J’allais dire le pied marin. La Terre, ça tourne.
Que sont devenus vos rêves d’enfant ?
Rêver était peut-être la meilleure part. La vie heureuse, la vraie, la belle vie, nous aurions l’éternité pour nous y vautrer avec les anges, dans le coton des nues, à chanter comme des oiseaux sur la branche, en direct du Seigneur. Dans ce bas monde, il convenait de peiner, d’expier et de faire carrière. On avait eu faim durant la dernière guerre. Nous avions tout pour être heureux pourvu que nous soyons sérieux et je l’étais, paraît-il, « comme un pape ». Premier de classe, je me destinais aux études. Rêvait-on pour moi au séminaire ?
Ce n’était pas au nom du Bon Dieu que je pratiquais les nuées, ni même de la pluie et du beau temps. Cela résonne au poème de Prévert : la plume redevient oiseau.

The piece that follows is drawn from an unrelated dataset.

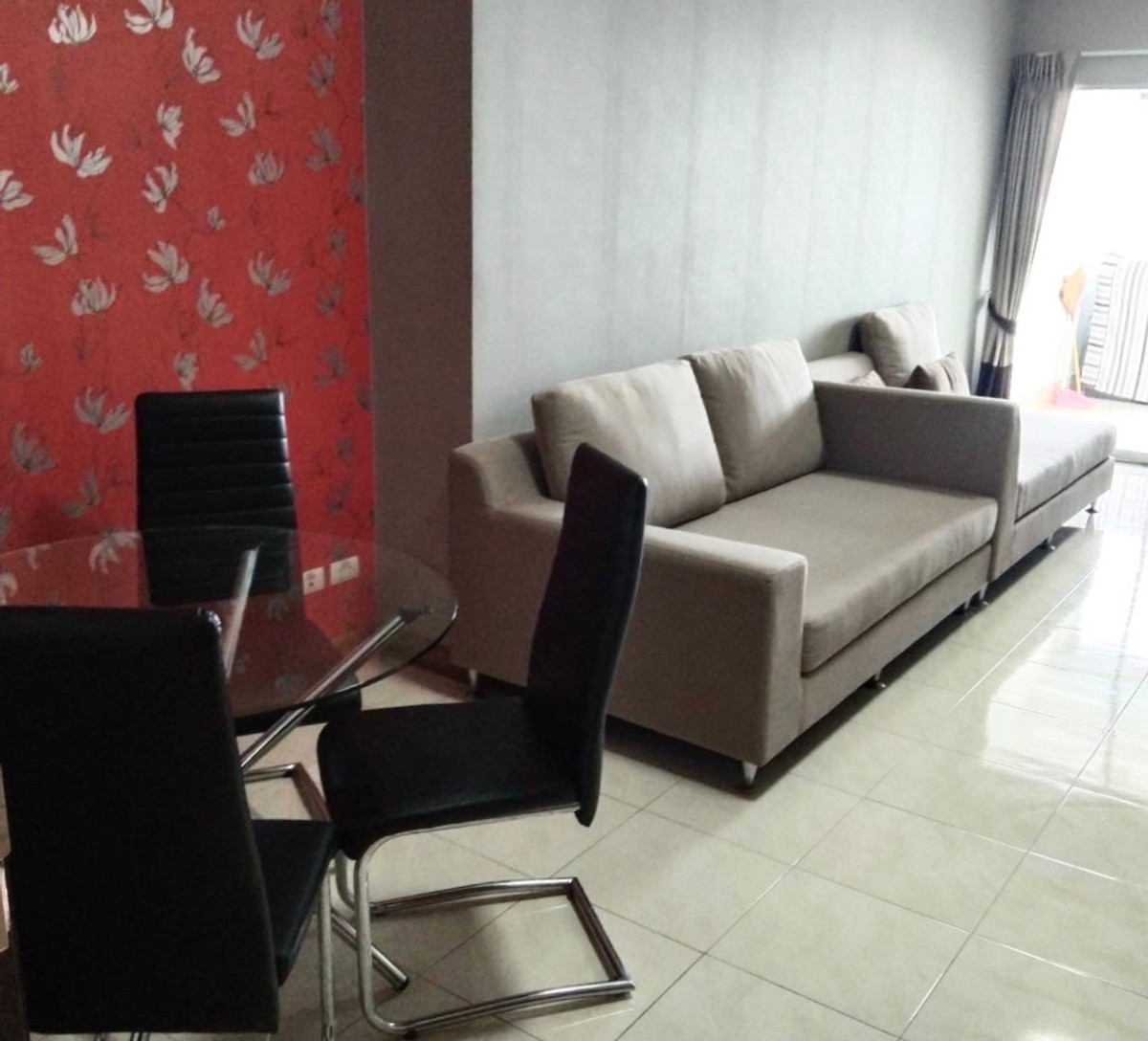 ขายคอนโดพระราม 9 เพชรบุรีตัดใหม่ RCA : ขายด่วน คอนโดพร้อมเข้าอยู่ 1นอน 1น้ำ ขนาด55sqm ชั้น39 ใกล้ Airport Linkรามคำแหง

Mon amour de la nature a tout traversé, vitrail buissonnier. J’en aimais les livres et sans doute, j’en eusse volontiers épousé l’étude. J’en sais les chemins, le nom des arbres, la robe des papillons et du ciel étoilé, l’aubaine des carpophores, le soin des jardins, et peut-être, le goût même de la liberté, la sève. A tant aimer la nature, on voudrait compter parmi ses créatures. Je m’évadais au Douanier Rousseau dans l’innocence d’un jardin premier.
A quoi avez-vous renoncé ?
Enfant, j’avais si bien intériorisé la contrainte que je me croyais libre.
J’aurais renoncé à mes parents. Incidemment, au père Noël, au petit Jésus, aux anges gardiens et aux bonnes paroles. Avec le recul, je me fie à la logique des faits plus qu’à la motivation des idéaux.
D’où venez-vous ?
Présentement, du ciel et de la terre.
Qu’avez-vous reçu en dot ?
L’expérience m’a appris que pour trouver les bonnes réponses, il faut d’abord se poser les bonnes questions.
La question est : Que vous a-t-on mis sur le dos ? C’est ma réponse.
Un petit plaisir — quotidien ou non ?
Le soleil qui s’étire.
Qu’est-ce qui vous distingue des autres écrivains ?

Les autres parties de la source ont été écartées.